Das Problem an dieser Analyse: Mitfühlender Liberalismus ist kein Liberalismus. Die Stärke des Liberalismus liegt darin, dass er es eben nicht nötig hat, mitfühlend zu sein. Denn er ermöglicht es jedem Mitglied der Gesellschaft – unabhängig von Herkunft, Religion oder Weltanschauung - erfolgreich zu sein.
Dies ist allerdings nicht zu verwechseln mit Chancengleichheit. Der Ökonom Friedrich August von Hayek dazu: „Wirkliche Chancengleichheit würde [...] verlangen, dass die Gleichheit vor dem Gesetz durchbrochen wird, da die Menschen von der Natur und ihrer Umgebung sehr unterschiedlich ausgestattet werden.” Natürlich hat der Sohn eines erfolgreichen Unternehmers in der Regel bessere Chancen, irgendwann einmal erfolgreich zu sein, als ein Arbeiterkind. Ersterer startet schließlich mit mehr Kapital. Die entscheidene Frage lautet jedoch: Hat das Arbeiterkind in der Welt des Liberalismus schlechtere Chancen, als in einem anderen System? Hat das Arbeiterkind abslolut schlechtere Chancen, weil ein anderes Kind relativ bessere Chancen hat? Die Antwort lautet zweimal ganz klar “nein”. Das Arbeiterkind hätte in der Welt des Liberalismus sogar bessere Chancen, als in unserem jetzigen System.
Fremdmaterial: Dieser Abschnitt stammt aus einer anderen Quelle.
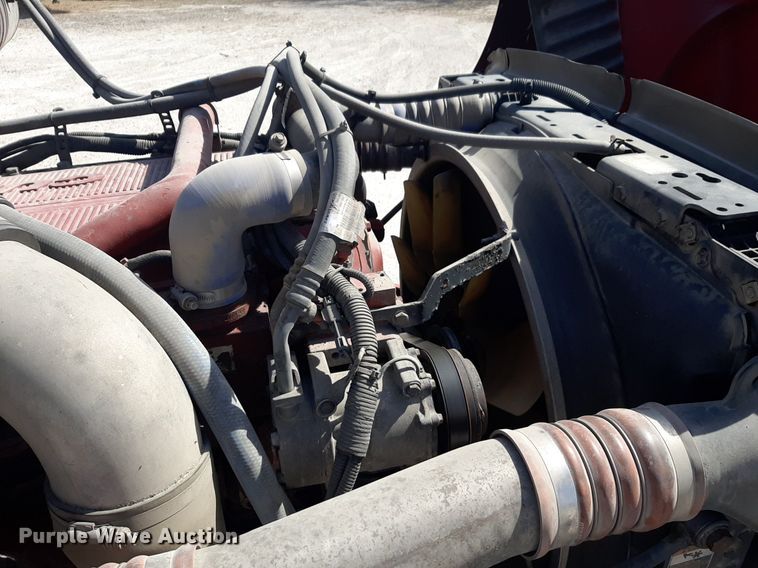 image for item DP2681 2013 Peterbilt 587 semi truck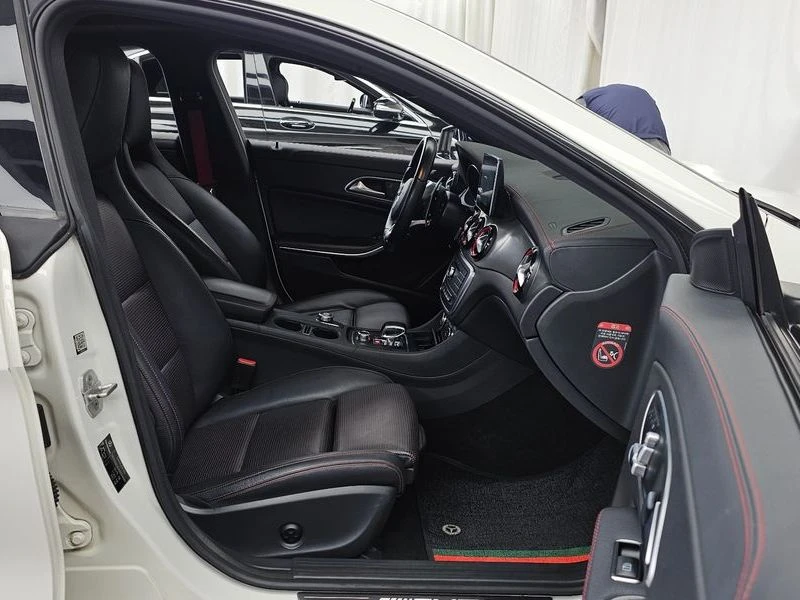 Mercedes-Benz CLA CLA45 AMG 4MATIC| 355к.с.| ВКЛ.ТЕХНОТЕСТ, снимка 11 - Автомобили и джипове - 55402181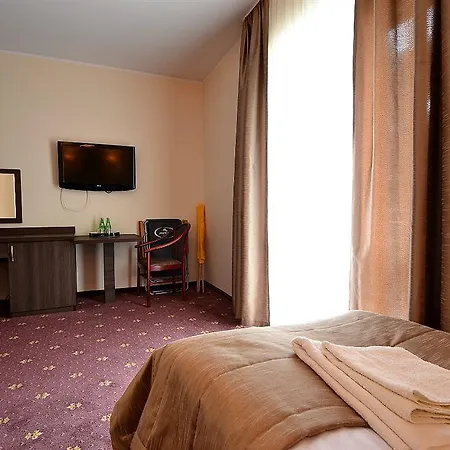 Jantar Wellness & 3* 우스트카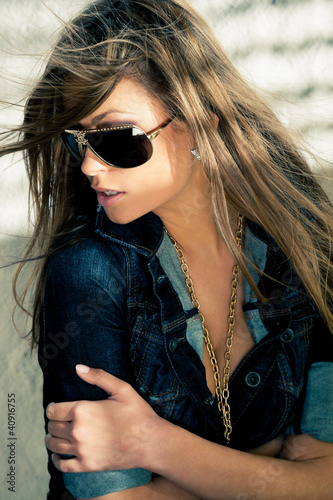 Photo: Glamorous young woman Glamorous young woman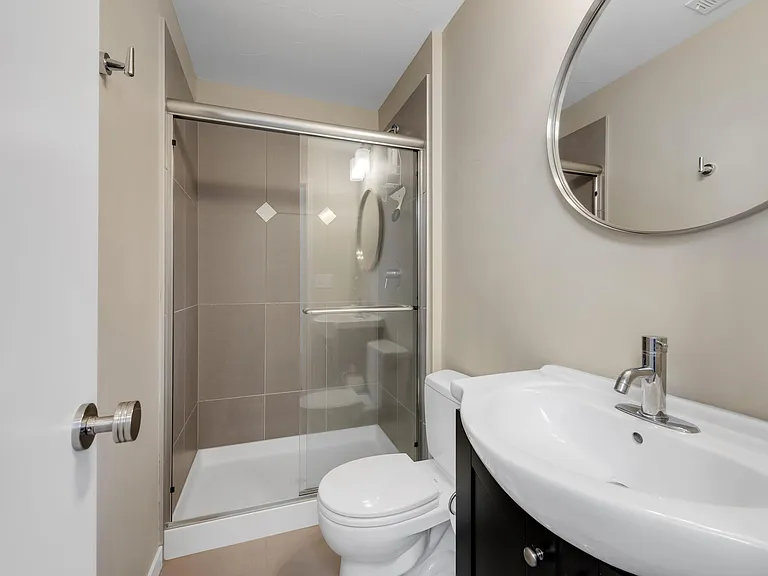 2250 W 31st Ave — Photo 32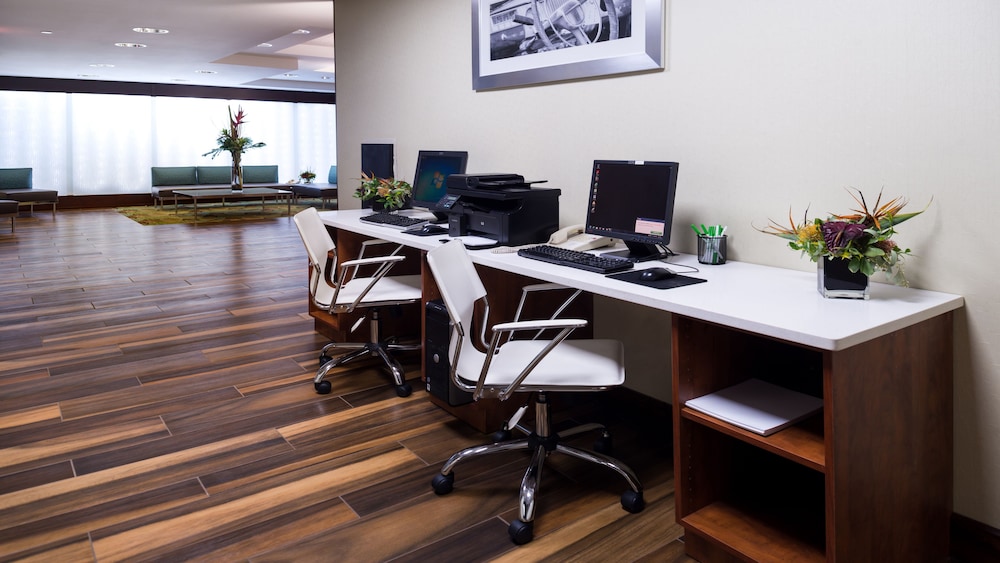 Holiday Inn Hotel & Suites Warren by IHG - photo 32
Und zwar gerade, weil der Liberalismus NICHT mitfühlend, sondern neutral ist.
In einem rein marktwirtschaftlichen System muss sich niemand gut stellen mit dem Staat oder mit sonstigen Eliten. Es zählt lediglich die Leistung. In dem Moment, in dem ein Unternehmer darauf verzichtet, den Besten (oder die Beste) einzustellen und stattdessen vielleicht den Sohn eines hochrangigen Politikers einstellt, wäre er gegenüber seinem Konkurrenten im Nachteil und liefe Gefahr, mittel-bis langfristig aus dem Markt verdrängt zu werden.
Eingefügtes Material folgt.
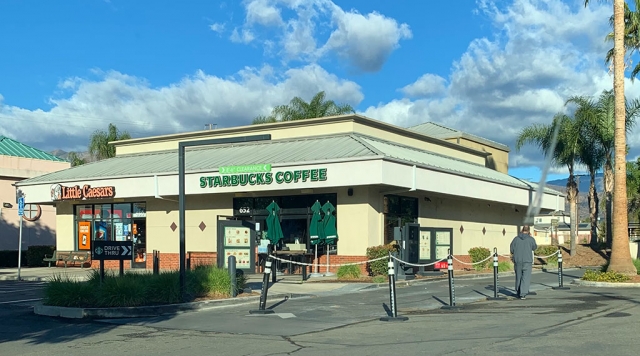 Starbucks was closed last on Thursday, December 31st, when a gas leak was discovered outside Little Caesar’s Pizza next door. It reopened the next day. Fillmore Starbucks had cut its hours recently, closing at 1PM, but returned to normal hours on January 6th.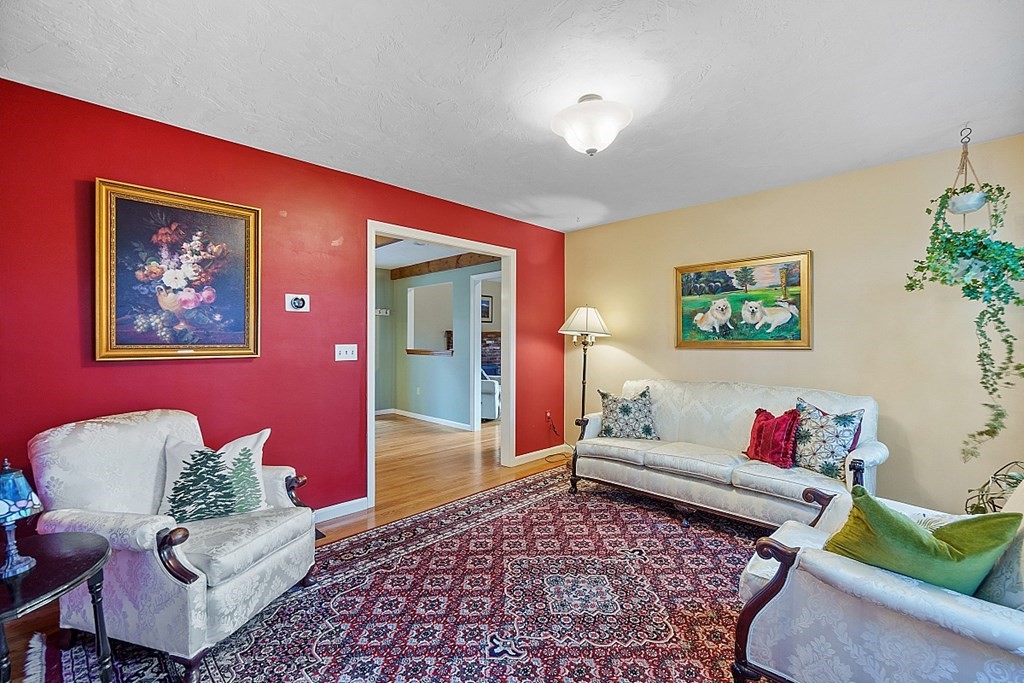 878 Townsend Road Groton, MA 01450 - Photo 18 of 41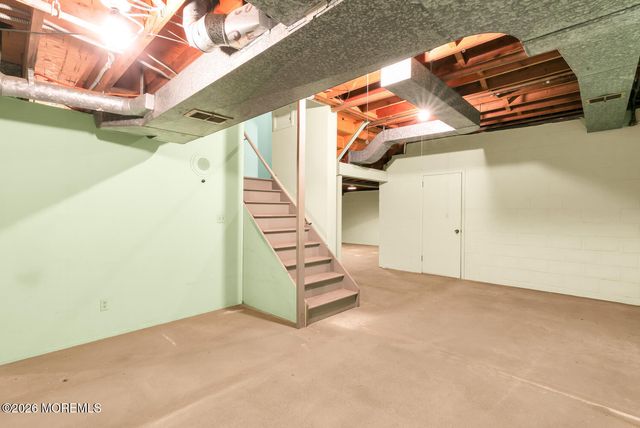 4 Glenwood Road, Colts Neck, NJ 07722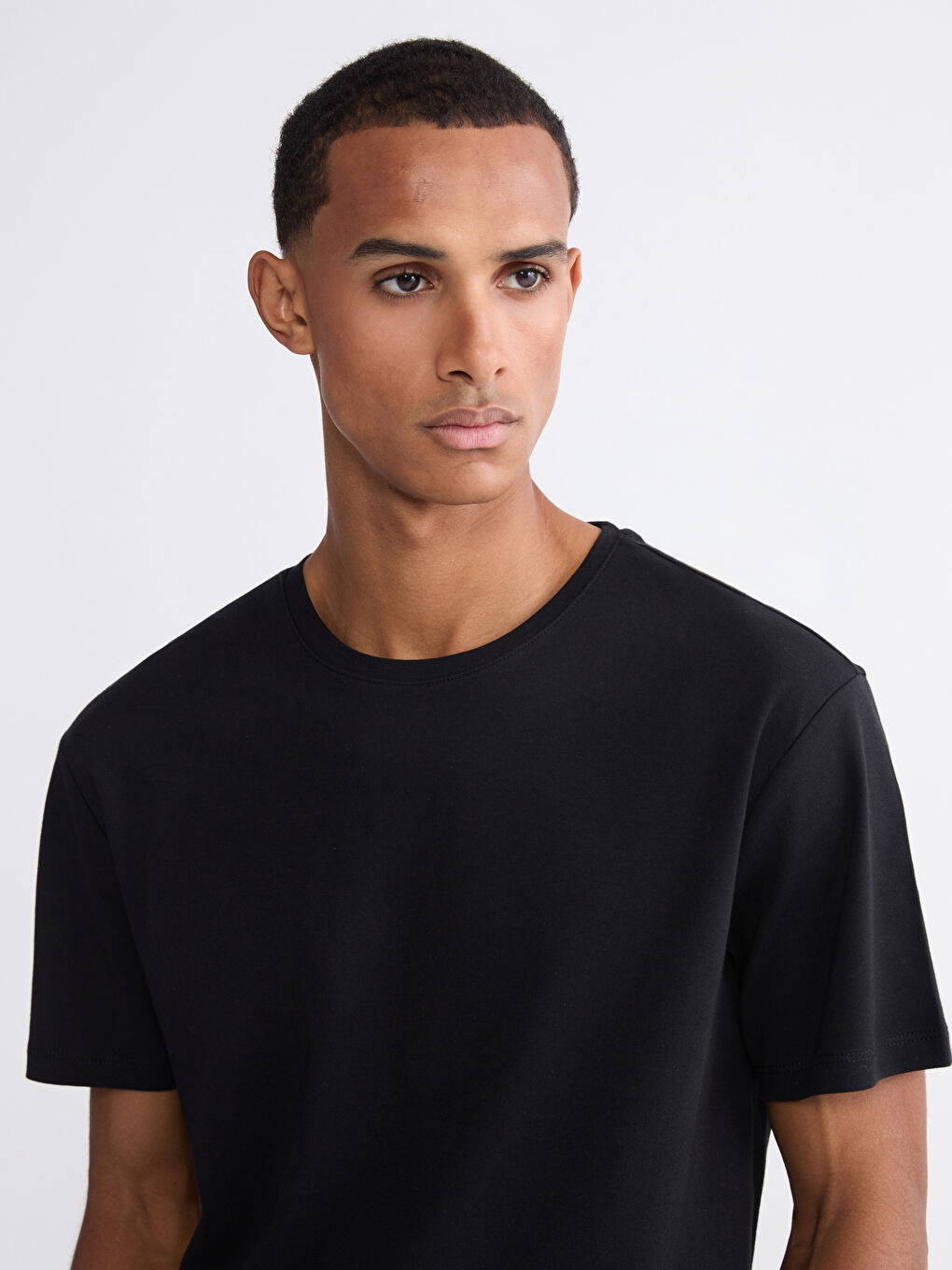 Siyah Bisiklet Yaka Erkek Tişört-2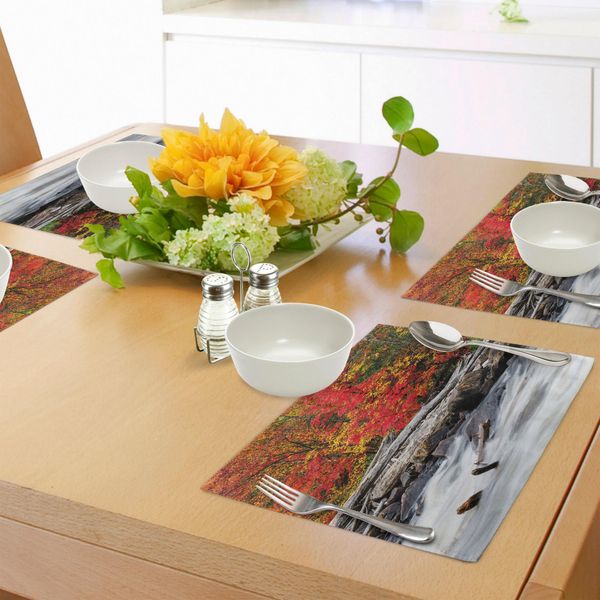Abakuhaus Tovagliette In Legno Galleggiante, Una Zattera Di Legno Galleggiante Giace Su Un Torrente Impetuoso Nella Foresta In Autunno Immagine Digitale, Tiscjdeco In Tessuto Resistente Al Lavaggio Per La Sala Da Pranzo E La Cucina, Rosso-image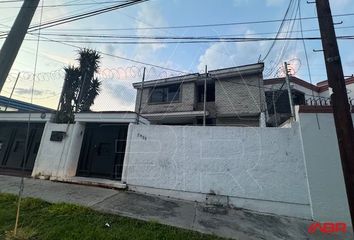 Casa en  Calle Diamante 2450, Bosques De La Victoria, Guadalajara, Jalisco, México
In einem Mischsystem aus Kampitalismus und Sozialismus (nichts anderes wäre mitfühlender Liberalismus), kommt es viel mehr darauf an, die richtigen Leute zu kennen. Und die besseren Kontakte hat meistens, wenn nicht sogar immer, der Unternehmersohn.
In einem solchen Mischsystem geht es um die Vergabe von Subventionen, um das Kreieren von Steuerschlupflöchern und Regulierungen. Letztere helfen grundsätzlich eher den großen Konzernen, als den kleinen und werden häufig von den großen Wirtschaftsverbänden ausgearbeitet, um sie dann von der Politik unter dem Label “dem Allgemeinwohl dienend” in Gesetze umzuwandeln.
Poltiker haben nicht die Aufgabe mitfühlend zu sein, da Mitgefühl immer willkürlich und subjektiv ist. Staatliches Mitgefühl ist nicht vereinbar mit dem Prinzip der Rechtsstaatlichkeit.
Mitgefühl sollte im Rahmen der Familie, der Nachbarschaft und der Freundschaft gelebt werden, da es etwas persönliches ist. Wer Mitgefühl verstaatlichen will, pervertiert nicht nur diesen Begriff, sondern ist auch ein Sozialist. Und wer diesen Vorgang dann auch noch Liberalismus nennt, ist entweder ein Dummkopf oder er versucht die Menschen gezielt zu manipulieren. Ganz sicher ist so ein Mensch kein Liberaler. Und ganz sicher würde dieses Verständnis von Liberalismus die FDP noch überflüssiger machen, als sie es momentan ohnehin schon ist.